To keep or delete? is one of the two eternal questions in digital photographer. The other, unsurprisingly is RAW vs JPEG? which is wormhole of its own.
Of course, this is a personal question and it varies tremendously. Some situations, like fast-moving actions almost guarantee a higher hit-to-miss ratio, so there is no exact numeric answer to what percent of images to keep vs delete.
My motto for this is Delete is my friend 🙂 First, I delete anything that is not technically perfect, making extremely few exceptions (less than 0.01%) for moments which give emotional attachment. Say, the first step of a baby, even blurry, is probably a keeper! Then, it is time to and then delete anything that has no point of interest or is too similar to another shot.
A great exercise is to give yourself a the challenge to simply not shoot the bad ones. It has been working for me, diminishing my deletion ratio is while augmenting the quality of my shots. Now, I am below 80% deletion. From what’s left, only 10% get shown, either off or on-line, and about 4% get sold as prints or licensed to publications.
The most common reaction is that storage is cheap and I agree, only the cost of managing storage is not.
Here is a workflow that works to efficiently reduce the number to store:
- Delete immediately in-camera missed shots. Things like people entering the shot at the wrong moment, forgot the camera was in MF, etc.

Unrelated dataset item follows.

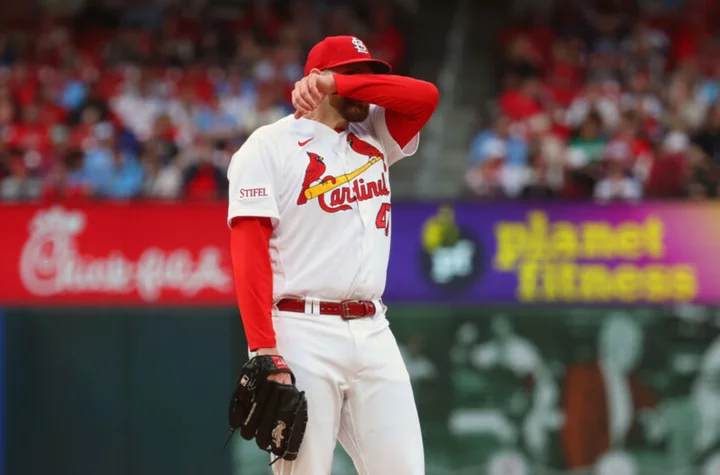 Latest Cardinals roster move proves desperation for pitching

- Delete anything that is not technically perfect: sharp, focused, well exposed, well framed, correct WB, level, etc as a first pass on the computer. PMVIew Pro on Windows and Geeqie on Linux are most efficient for this.
- Delete everything that is too similar, keeping the best of course. This is the second pass on computer, also with the same fast viewers as above.
- Import into Lightroom, apply keywords and rank as the third pass. This is when documentary shots that lack interest get ranked low. Lightroom has a 0 to 5 start ranking system which is reasonable granularity. Most DAM Software offer something similar. My personal ranking is:A) Zero stars for things that are not pictures such as panorama pieces or brackets for Exposure Fusion or HDR.B) Things that are technically reasonable but lack interest get 1 star. Try to crop them and see if they get more interesting, in that case they can be upgraded to 2 stars. If they show a technical error, also rank then with 2 stars.C) A technically perfect and interesting photographs gets 3 stars unless:
D) It is also evocative and would make an appealing print in a visible location. Album prints do not count, those are more for souvenir-type images. In this, rank with 4 stars unless:
E) There is NO way the picture could have been improved by a change of position, framing or camera settings. In that case, it is ranked a full 5 stars.
The goal, while repeating this process after every shoot, is to stop shooting the 1-3 stars images. This is what will make the ratio of keepers constantly improving. Always ask yourself why something came out poorly and what were you thinking at the time. Always tag anything that got cropped (or worse 😉 ) to known each time when you failed to do things properly.
Closing words from Jay Maisel:
“If you are not your own harshest critic, you are your own worst enemy.”